My weekly Law Bytes column (Toronto Star version; freely available hyperlinked version) focuses on comments last week from Prime Minister Paul Martin that the "question of civil rights is first and foremost in our minds" as the government prepares to introduce the lawful access initiative.
I note that while Canadians undoubtedly want to take Mr. Martin at his word, the state of Canadian privacy reveals another story. In the days preceding Mr. Martin’ s comments, the Privacy Commissioner of Canada released two annual reports that paint a bleak picture of Canadian privacy – illustrating that Canadian policies are ill-equipped to deal with emerging technologies and cross-border trade practices. When combined with the lawful access initiative, it is clear that a robust privacy framework requires action rather than rhetoric.
Lawful access is the most troubling development on the short-term horizon. The term itself unsettles many; it sounds benign while its purpose is not – the legislation would grant new, intrusive powers of surveillance to law-enforcement authorities without matching judicial oversight.

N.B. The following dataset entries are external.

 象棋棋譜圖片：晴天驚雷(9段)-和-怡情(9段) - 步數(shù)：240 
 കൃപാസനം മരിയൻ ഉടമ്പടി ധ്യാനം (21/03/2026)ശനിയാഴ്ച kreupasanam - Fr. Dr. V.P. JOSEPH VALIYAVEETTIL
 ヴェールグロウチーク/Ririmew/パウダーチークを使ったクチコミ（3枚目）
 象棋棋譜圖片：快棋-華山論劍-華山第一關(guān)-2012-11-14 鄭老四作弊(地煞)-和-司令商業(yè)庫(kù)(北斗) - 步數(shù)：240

If lawful access presents the most immediate privacy threat, the Privacy Commissioner’ s annual reports – one for each of Canada’ s federal privacy laws – leaves little doubt that this is only the tip of a dangerous iceberg. The Commissioner’ s concerns include inadequate statutory enforcement powers, the challenges created by new technologies such as radio frequency identification devices (RFIDs), and a cross-border trade environment that often results in the transfer of personal information across borders with limited accountability and oversight.
Given these challenges, it appears that Canada is facing a privacy crisis that can only be resolved by instituting statutory reform that creates adequate privacy safeguards. If the Prime Minister of Canada is serious about prioritizing civil rights, then decisive action must follow his strong words.
CIBC Customer and Shareholder
As a Canadian, I once believed that the Office of the Privacy Commissioner of Canada was some type of safe-guarding institution protecting my privacy rights with a multi-million dollar, taxpayer based budget and all the nice amenities that go with it.
I visited the Privacy Commissioner in Ottawa at my own expense to discuss a major breach of privacy with a senior investigator, a Mr. Kie Delgaty.
Shunted into a miniscule room beside the receptionist, I was told that the revelations shared with this bureacrat represented “the largest breach of Canadians’ privacy” and that an investigation would commence.
Holding your breath for the outcome? You’ll die waiting for anything out of the PCO. Each time I call to ask for the report, now 14 months since the meeting, I can’t reach the Investigator, the Investigator doesn’t return calls and the folks you’re talking with plead lack of funds, back-logged complaints and anything else they can think of.
Want a direct answer? Good luck! Think PIPEDA has clout? Who knows. The PCO certainly doesn’t back it up with anything but platitudes and a wet noodle with which to soundly thrash transgressors.
How about this for an agenda? Simply make it law that if you compromise your clients’ privacy, you have got to tell the innocent. Search California State Law SB1386 for an example of such simple, effective legislation.
Action on this from the PCO? You guessed it. Zip, diddly, rien, nada, zero. Excuses for sucking up public money? As many as a fat bureaucrat can come up with.
Want to stir the pot? Ask the PCO about breaches of privacy involving all major Canadian banks, as far back as 1991, into which Kie Delaty has probed on government time with taxpayers’ dollars.